Hz. Peygamber’in vefatıyla sona eren Asr-ı Saâdet’in ardından yeni bir süreç başlamış, Hulefâ-i Râşidîn dönemi denen bu zaman diliminde Müslüman toplum birçok problem ve yeni durumla karşı karşıya kalmıştı. Ardından Muaviye b. Ebî Süfyan’ın Hz. Hasan’la yaptığı anlaşma sonrası halife olmasıyla yepyeni bir sürece daha girilmiş, Müslümanlar için Emevîler dönemi başlamıştı.
İşte bu tür çalkantılı süreçlerde, Arapların dehâ dedikleri bazı kişilerin ön plana çıkarak olayların gidişatına yön verdiği görülür. “Duhâtü’l-Arab” diye meşhur olan bu isimlerden olan Ziyâd b.

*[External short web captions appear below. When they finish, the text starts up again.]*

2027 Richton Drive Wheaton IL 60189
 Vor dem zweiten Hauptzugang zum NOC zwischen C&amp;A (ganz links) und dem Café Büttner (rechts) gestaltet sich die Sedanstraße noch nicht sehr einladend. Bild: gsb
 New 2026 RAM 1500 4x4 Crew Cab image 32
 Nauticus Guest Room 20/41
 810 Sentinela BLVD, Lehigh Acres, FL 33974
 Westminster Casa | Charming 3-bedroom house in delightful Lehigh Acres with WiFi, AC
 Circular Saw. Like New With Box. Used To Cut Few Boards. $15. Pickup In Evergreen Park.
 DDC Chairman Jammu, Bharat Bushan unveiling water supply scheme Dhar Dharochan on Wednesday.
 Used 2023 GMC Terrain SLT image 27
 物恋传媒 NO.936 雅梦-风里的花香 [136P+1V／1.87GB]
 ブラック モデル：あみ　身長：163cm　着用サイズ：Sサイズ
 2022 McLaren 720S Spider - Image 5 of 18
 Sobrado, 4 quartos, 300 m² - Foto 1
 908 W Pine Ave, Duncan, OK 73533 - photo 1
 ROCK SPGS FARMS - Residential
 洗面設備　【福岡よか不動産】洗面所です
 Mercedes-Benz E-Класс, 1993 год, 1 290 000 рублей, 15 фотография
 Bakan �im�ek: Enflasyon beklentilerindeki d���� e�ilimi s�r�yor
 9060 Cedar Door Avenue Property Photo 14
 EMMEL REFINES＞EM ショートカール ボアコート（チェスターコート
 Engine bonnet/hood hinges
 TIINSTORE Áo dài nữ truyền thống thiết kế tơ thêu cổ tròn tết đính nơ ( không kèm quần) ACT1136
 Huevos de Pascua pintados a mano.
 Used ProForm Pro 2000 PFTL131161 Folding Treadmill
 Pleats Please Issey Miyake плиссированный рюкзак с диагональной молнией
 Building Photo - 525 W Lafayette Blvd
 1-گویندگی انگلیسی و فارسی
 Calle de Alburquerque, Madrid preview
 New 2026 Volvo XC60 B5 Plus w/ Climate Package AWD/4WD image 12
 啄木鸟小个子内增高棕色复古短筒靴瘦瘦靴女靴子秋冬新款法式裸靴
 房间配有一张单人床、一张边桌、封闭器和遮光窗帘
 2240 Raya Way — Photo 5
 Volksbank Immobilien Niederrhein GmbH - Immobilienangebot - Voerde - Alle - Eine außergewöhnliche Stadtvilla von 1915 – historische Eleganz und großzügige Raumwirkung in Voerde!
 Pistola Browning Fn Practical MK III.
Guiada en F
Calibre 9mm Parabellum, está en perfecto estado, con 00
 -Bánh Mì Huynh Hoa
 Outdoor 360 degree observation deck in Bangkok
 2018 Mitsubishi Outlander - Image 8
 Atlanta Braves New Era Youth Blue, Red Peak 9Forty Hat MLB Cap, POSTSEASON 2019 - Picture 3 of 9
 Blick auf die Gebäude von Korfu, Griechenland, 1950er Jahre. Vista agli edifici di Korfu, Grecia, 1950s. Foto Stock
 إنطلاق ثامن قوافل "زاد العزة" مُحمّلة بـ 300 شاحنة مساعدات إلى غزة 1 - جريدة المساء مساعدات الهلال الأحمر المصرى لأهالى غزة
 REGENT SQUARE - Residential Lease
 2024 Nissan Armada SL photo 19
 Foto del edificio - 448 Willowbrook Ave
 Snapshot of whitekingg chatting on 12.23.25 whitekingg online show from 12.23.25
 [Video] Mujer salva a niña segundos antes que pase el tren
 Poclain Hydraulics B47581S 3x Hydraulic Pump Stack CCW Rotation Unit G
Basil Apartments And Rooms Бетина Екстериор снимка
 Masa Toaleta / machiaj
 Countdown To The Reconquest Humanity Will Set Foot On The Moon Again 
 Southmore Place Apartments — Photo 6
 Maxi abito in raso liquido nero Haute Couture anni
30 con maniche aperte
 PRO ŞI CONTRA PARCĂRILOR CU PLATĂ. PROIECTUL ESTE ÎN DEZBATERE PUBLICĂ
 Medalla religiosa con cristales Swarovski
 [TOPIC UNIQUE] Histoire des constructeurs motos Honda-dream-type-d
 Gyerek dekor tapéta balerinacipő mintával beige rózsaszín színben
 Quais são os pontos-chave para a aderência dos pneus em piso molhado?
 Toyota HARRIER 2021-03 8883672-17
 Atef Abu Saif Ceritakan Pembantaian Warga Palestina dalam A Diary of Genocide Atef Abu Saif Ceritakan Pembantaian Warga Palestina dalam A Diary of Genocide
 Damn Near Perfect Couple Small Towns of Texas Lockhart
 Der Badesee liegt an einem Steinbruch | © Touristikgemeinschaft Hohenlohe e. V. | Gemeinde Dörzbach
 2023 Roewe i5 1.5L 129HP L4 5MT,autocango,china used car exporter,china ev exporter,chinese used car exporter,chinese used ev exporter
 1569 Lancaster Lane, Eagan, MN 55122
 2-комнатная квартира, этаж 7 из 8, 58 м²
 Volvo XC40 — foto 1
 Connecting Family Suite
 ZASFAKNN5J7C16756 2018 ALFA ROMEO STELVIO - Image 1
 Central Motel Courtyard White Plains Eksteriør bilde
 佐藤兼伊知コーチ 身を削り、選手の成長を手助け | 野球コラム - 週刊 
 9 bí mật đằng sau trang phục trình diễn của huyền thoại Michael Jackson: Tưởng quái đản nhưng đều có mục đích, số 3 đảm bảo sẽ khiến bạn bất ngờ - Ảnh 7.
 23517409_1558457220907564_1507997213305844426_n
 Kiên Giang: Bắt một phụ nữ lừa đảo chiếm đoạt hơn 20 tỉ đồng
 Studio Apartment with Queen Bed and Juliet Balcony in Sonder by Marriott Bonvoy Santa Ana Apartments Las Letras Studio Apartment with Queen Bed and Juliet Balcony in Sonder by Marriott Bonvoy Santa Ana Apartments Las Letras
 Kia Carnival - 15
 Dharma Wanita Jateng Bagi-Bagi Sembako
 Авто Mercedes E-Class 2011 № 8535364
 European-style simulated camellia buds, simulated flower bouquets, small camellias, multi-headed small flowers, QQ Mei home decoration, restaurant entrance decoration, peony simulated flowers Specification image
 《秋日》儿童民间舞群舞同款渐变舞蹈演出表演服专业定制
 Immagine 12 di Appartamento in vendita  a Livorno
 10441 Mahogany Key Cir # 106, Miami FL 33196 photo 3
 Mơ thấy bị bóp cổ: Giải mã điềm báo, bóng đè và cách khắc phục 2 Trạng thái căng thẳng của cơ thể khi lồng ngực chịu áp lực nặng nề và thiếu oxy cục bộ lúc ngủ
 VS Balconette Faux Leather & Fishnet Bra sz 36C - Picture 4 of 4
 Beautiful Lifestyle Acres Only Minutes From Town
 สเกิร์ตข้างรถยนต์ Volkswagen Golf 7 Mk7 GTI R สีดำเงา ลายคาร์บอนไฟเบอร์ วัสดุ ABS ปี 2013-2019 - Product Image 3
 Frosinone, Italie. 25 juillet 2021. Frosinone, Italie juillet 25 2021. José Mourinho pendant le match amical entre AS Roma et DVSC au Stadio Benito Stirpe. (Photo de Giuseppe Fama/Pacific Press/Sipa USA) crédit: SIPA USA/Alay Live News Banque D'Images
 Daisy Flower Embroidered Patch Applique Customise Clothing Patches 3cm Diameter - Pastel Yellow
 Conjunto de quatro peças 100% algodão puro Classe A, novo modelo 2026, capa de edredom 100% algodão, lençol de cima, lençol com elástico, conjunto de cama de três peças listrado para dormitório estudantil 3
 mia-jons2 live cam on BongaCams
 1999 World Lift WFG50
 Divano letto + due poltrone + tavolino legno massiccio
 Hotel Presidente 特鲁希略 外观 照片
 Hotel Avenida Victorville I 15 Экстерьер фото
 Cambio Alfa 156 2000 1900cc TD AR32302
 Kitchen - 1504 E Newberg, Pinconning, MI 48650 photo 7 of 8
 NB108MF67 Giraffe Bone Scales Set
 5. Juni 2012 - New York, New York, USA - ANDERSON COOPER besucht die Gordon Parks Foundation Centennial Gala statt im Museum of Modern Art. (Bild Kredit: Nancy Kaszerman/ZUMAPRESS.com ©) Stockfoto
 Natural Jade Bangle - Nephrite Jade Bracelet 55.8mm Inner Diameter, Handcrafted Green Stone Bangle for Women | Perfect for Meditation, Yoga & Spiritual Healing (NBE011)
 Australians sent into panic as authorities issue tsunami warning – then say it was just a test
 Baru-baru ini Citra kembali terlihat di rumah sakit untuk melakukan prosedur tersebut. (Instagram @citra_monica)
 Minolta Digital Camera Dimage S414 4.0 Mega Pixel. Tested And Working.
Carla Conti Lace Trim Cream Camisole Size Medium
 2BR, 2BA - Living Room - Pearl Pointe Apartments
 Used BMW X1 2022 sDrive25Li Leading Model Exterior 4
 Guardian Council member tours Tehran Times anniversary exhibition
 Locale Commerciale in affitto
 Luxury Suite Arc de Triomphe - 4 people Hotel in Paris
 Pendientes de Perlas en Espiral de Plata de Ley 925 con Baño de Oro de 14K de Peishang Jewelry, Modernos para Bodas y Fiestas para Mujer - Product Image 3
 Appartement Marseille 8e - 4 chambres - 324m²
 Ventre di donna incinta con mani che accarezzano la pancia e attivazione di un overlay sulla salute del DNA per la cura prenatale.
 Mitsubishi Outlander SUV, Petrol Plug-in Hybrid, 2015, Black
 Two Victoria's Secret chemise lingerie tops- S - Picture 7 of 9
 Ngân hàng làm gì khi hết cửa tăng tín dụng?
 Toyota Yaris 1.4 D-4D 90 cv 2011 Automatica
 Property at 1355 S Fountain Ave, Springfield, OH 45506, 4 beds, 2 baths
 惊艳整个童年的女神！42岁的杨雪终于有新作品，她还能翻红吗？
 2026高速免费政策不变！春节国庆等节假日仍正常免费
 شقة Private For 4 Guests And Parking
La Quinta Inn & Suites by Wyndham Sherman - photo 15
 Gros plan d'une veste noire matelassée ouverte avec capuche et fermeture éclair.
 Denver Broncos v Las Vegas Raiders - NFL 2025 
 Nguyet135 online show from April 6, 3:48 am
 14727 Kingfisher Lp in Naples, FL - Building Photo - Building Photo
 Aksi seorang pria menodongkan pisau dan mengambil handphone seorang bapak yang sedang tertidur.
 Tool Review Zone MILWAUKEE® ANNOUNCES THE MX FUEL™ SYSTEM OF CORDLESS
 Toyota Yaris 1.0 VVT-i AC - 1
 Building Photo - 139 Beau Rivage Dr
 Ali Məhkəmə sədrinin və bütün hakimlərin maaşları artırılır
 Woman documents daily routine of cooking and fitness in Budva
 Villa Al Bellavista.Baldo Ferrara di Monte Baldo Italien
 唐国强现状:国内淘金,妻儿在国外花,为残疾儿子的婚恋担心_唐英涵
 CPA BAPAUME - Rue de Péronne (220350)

Ebîh, asil bir soy veya güçlü asabiyet bağları olmaksızın, bilakis babası hakkındaki belirsizlikten dolayı zaman zaman tahkir de edilen bir kişi olmasına rağmen, kendi yetenek ve donanımlarıyla adından söz ettirmiş, Hz. Ömer döneminde başlayan siyasî kariyerini Muaviye döneminde zirveye taşımıştır.
Siyasî kabiliyetlerinin yanı sıra hitabet, edebiyat, fütûhât, ziraat, iktisat gibi alanlarda da gücünü ortaya koyan Ziyâd, çok yönlü kişiliğiyle tarihin, ilgi ve araştırmaya değer önde gelen isimlerindendir.